4 Ways to Improve Your Thanksgiving Drinks

Basque Ciders

Thanksgiving drink guide

Matt Taylor-Gross

Cider

What’s the best wine to drink during Thanksgiving? Cider. Yes, good hard not-too-sweet cider from England, France, Spain, and increasingly the US. A good cider complements all the Thanksgiving notes: the caramelized crunch of turkey skin, the celery in your stuffing, the richness of your mashed potatoes. You can’t say the same for any wine or beer, and a drink made of apples just feels right this time of year

Underberg

If your second or third Thanksgiving helping has you so full you can barely move, consider the ultimate palate cleanser: Underberg. The cult German digestif is sold in wee 20-ml bottles for a reason: a single swig of the stuff is like a tactical nuclear bomb of herbs and botanicals that goes off in your stomach and climbs all the way back up your throat. Breath freshening, stomach settling, and undeniably restorative, this little drink is just the thing to ready your heart and mind for another round of eating.

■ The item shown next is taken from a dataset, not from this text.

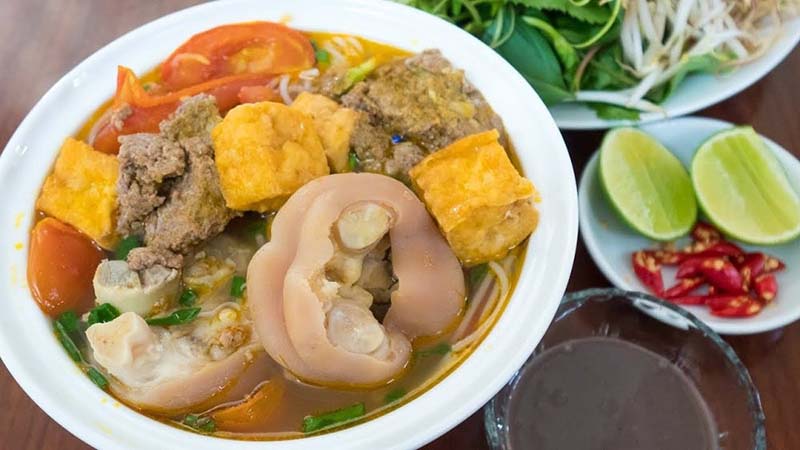 Quán ăn sáng ngon quận Tân Phú: Bún riêu 533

Batching Thanksgiving cocktails

Given the nature of Thanksgiving dinner—what with its family feuds and uncomfortable political discussions—, it's best to have a large amount of alcohol on hand to keep things cheery. The easiest way to do this? Whip up a large batch of fall punch using household ingredients like cinnamon, apple cider, lemon, tea, and sugar. Spike the mix with some of your favorite whiskey, rum, or brandy—with a splash of aromatic bitters if you've got them—and you're all set. Though you can follow a recipe, it's best to use a simple bartender's trick of proportions: six cups of alcohol to two cups of a sour ingredient to two cups of a sweet ingredient. To avoid dilution, use the biggest ice cubes you can find, or wait until guests are ready to drink before adding in smaller cubes of ice. For garnish, you can never go wrong with simple citrus wheels.